§ AIM OF THE EXERCISE:
Print each record below precisely, with every picture left out of the copy.

[GIVEN INFORMATION]

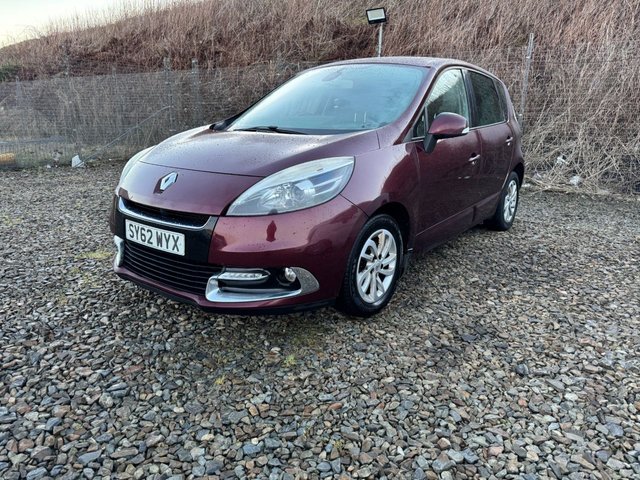 2012 62 Renault Scenic 1.5 dCi Dynamique TomTom MPV 5dr Diesel EDC Euro 5 (110 ps)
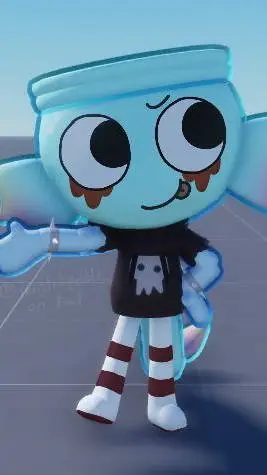 ai character: Finn y su equipo background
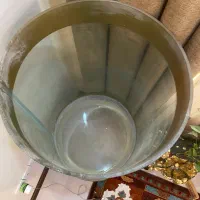 اکواریوم استوانه ، استوانه ای ، گرد|ماهی|تهران, مینای جنوبی|دیوار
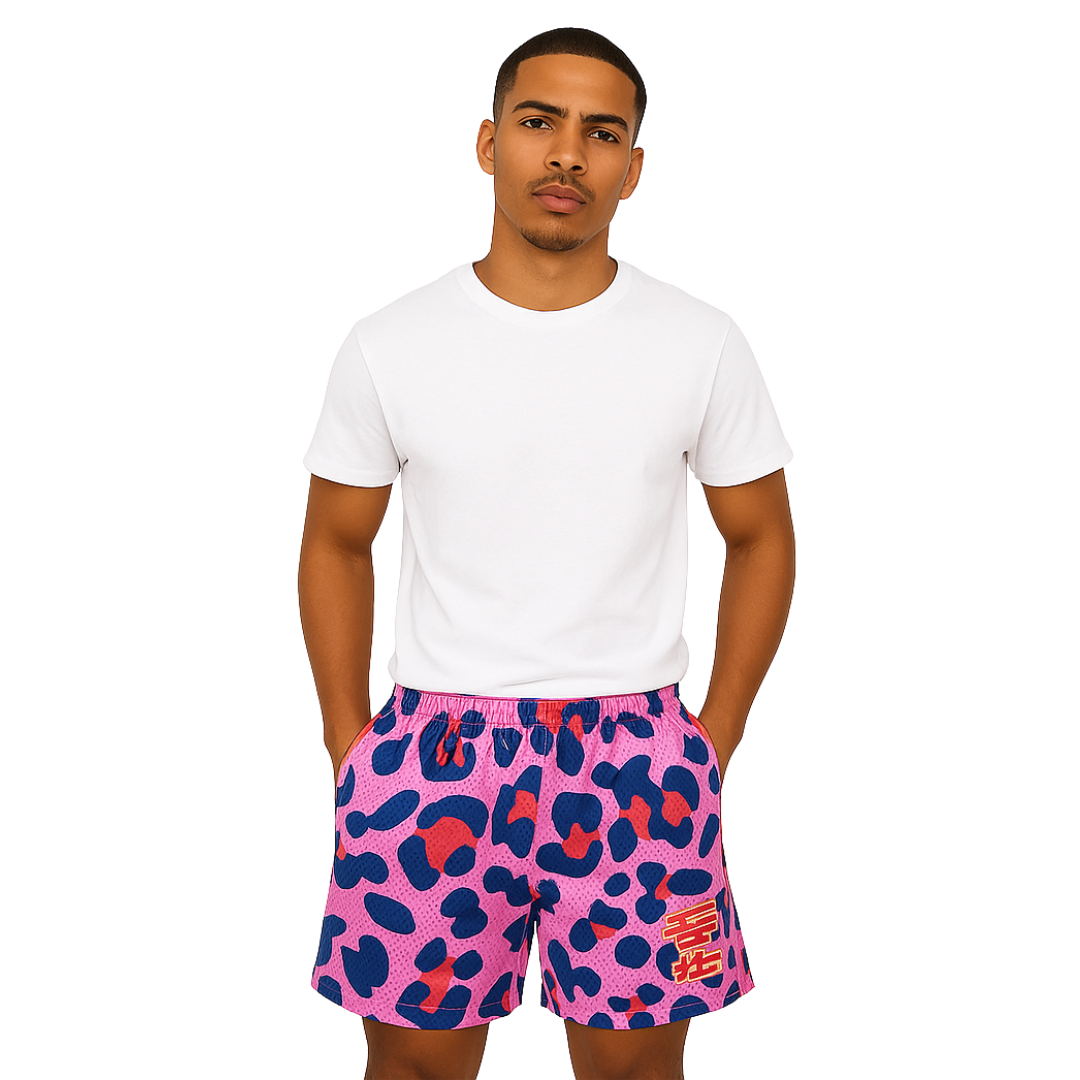 Erc M Multi Color Design Shorts
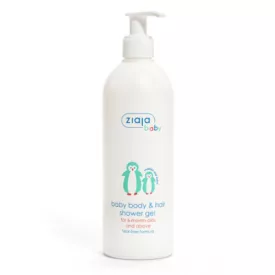   ZIAJA BABA TUSFÜRDŐ TESTRE ÉS HAJRA, 6 HÓNAPOS KORTÓL 400ML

[/GIVEN INFORMATION]

§ OUTPUT FOR THIS EXERCISE:
 2012 62 Renault Scenic 1.5 dCi Dynamique TomTom MPV 5dr Diesel EDC Euro 5 (110 ps)
 ai character: Finn y su equipo background
 اکواریوم استوانه ، استوانه ای ، گرد|ماهی|تهران, مینای جنوبی|دیوار
 Erc M Multi Color Design Shorts
   ZIAJA BABA TUSFÜRDŐ TESTRE ÉS HAJRA, 6 HÓNAPOS KORTÓL 400ML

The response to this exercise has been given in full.